#### GOAL OF THE EXERCISE:
Word for word, restate the lines of the data below between those holding "Audi A3 2025 Sportback 35 TFSI — фото 3" and "Guardia di Finanza, il", inclusive; pictures do not belong in the copy.

#### Collection entries:

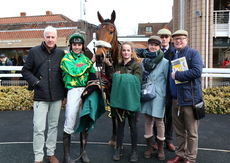 Pony Racing Authority Graduates H'cap Hurdle.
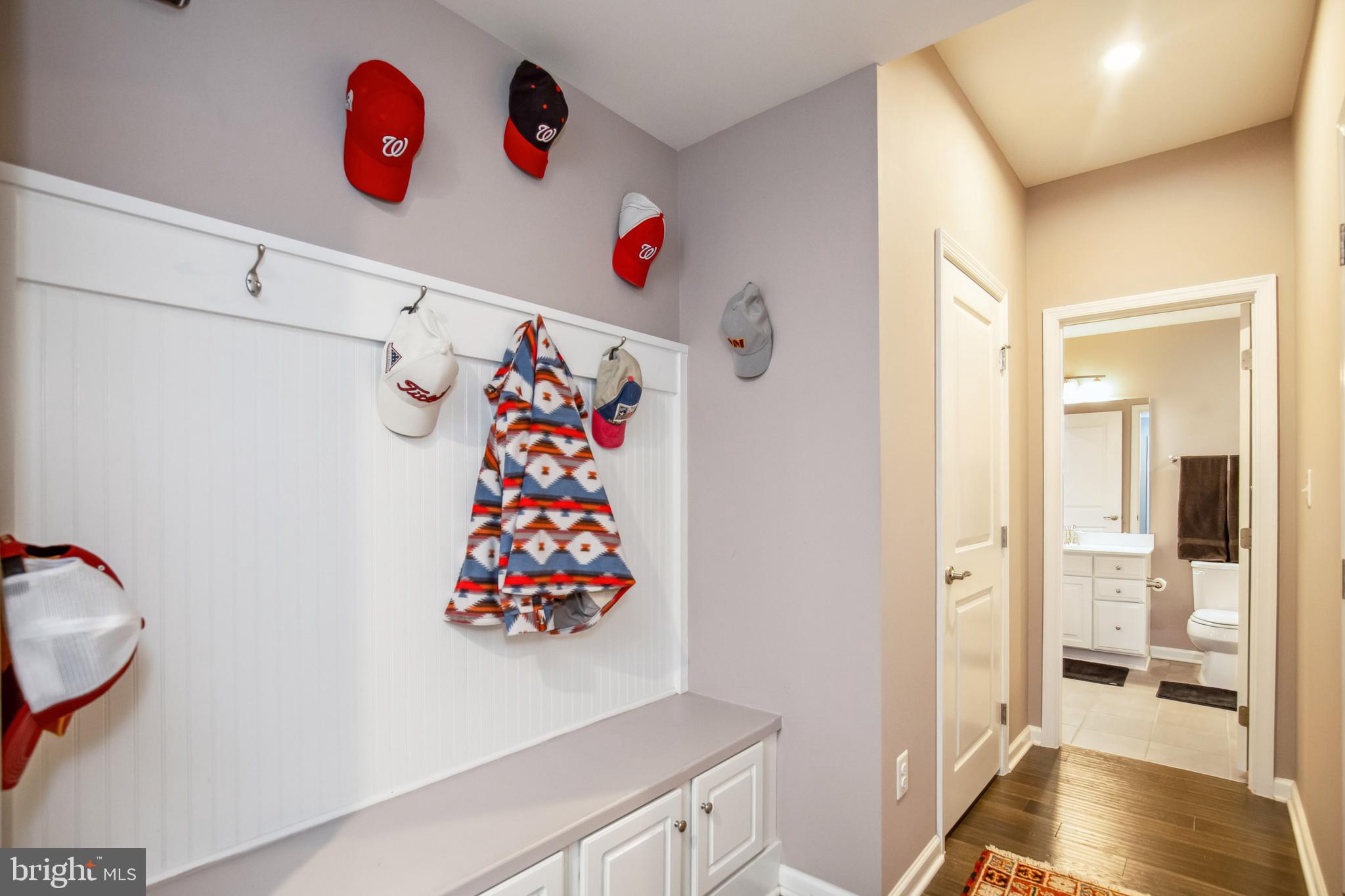 BRADLEY SQUARE - Residential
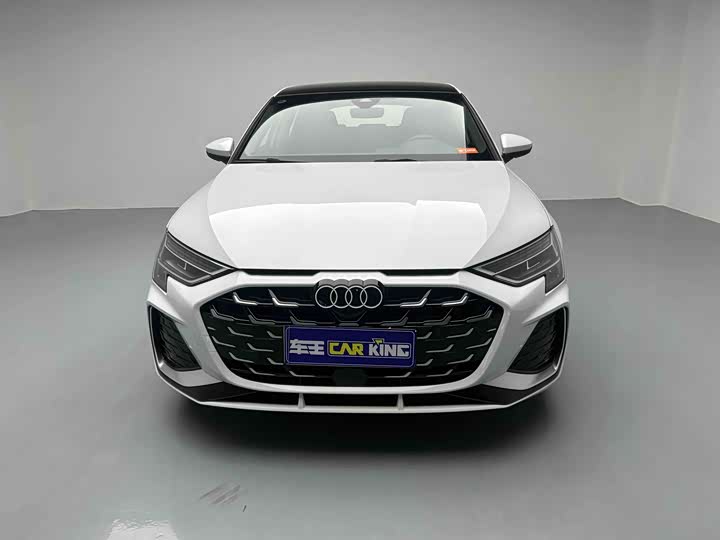 Audi A3 2025 Sportback 35 TFSI — фото 3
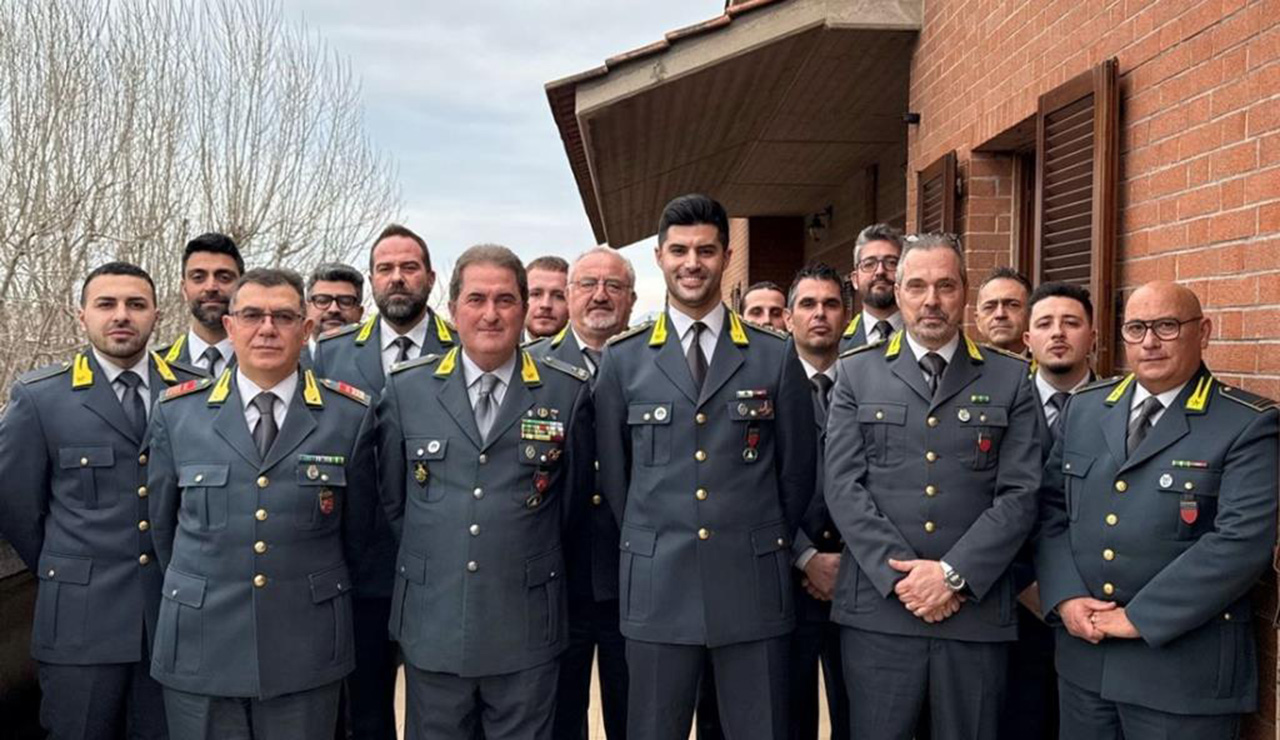 Guardia di Finanza, il Comandante regionale Marche in visita alla Compagnia di Falconara Marittima
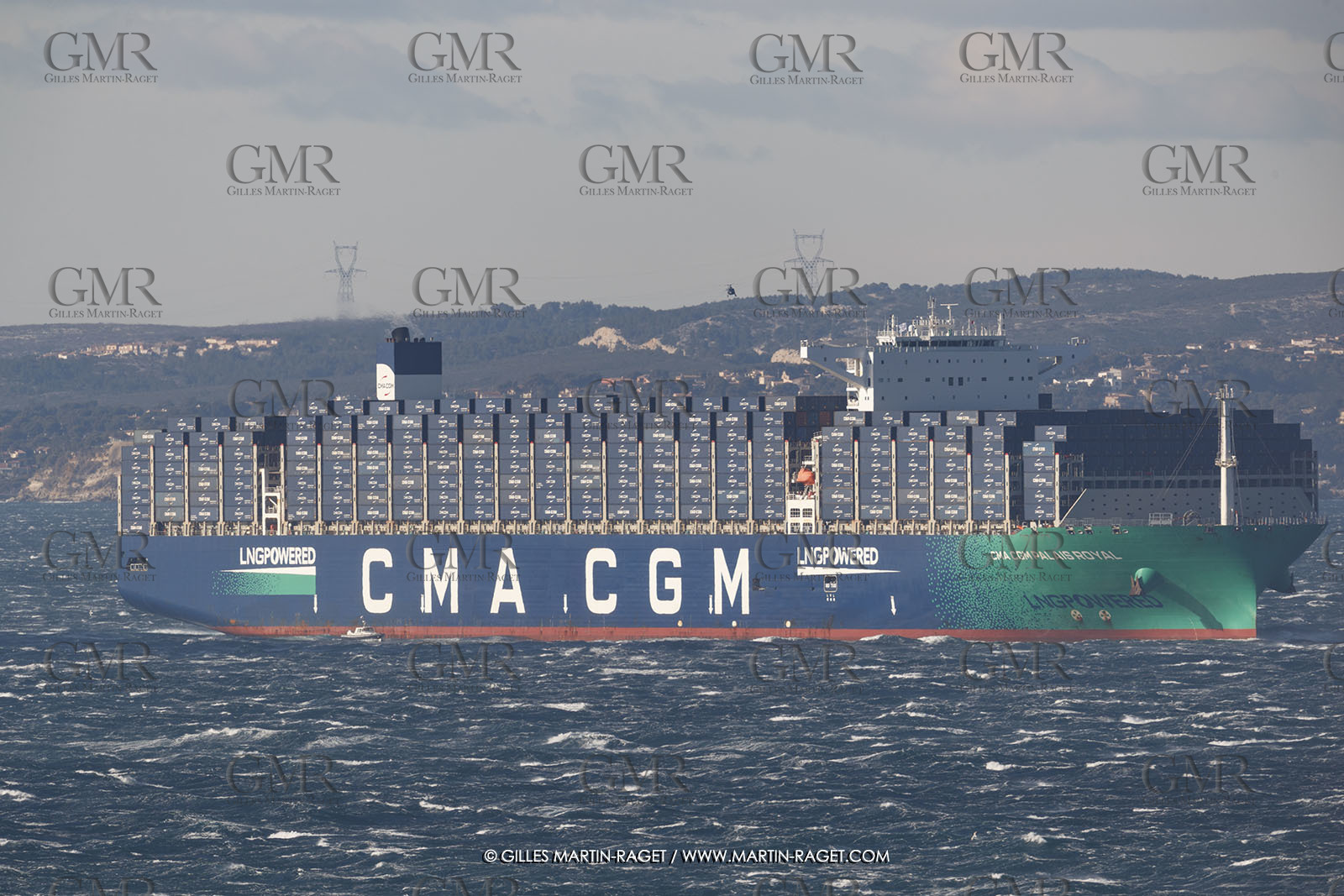 14 12 2023, Marseille (FRA), arrivée du Palais Royal, porte container armé par la CMA CGM, navire de 400 mètres de long, 67 mètres de large, qui transporte 23 000 conteneurs avec propulsion au GNL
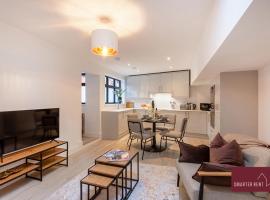 酒店照片: Modern 3 Bedroom Apartment - Wokingham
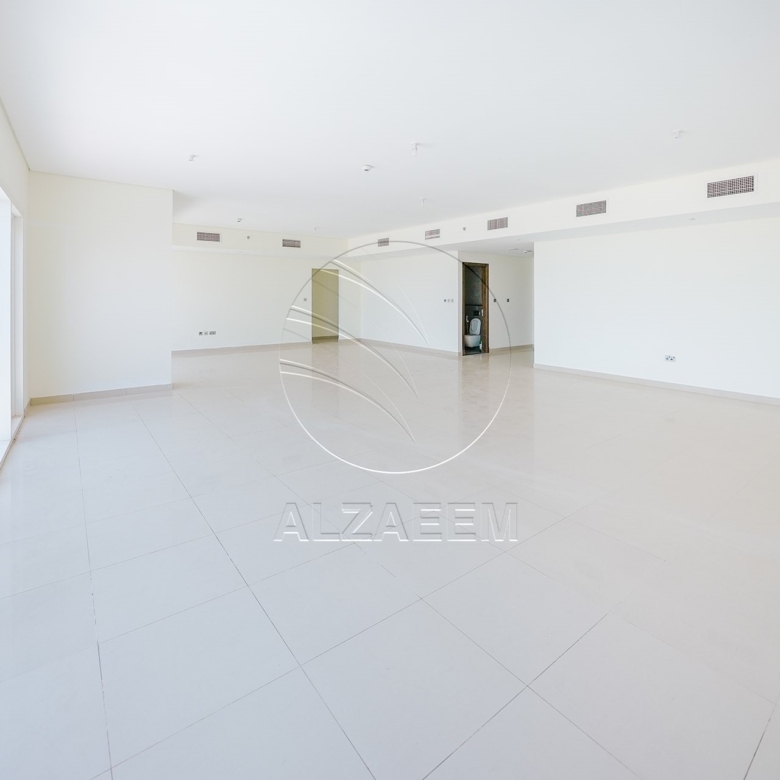 TOP FLOOR | Full Sea View | Move-in Ready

#### ANSWER TO THE PROBLEM:
 Audi A3 2025 Sportback 35 TFSI — фото 3
 Guardia di Finanza, il Comandante regionale Marche in visita alla Compagnia di Falconara Marittima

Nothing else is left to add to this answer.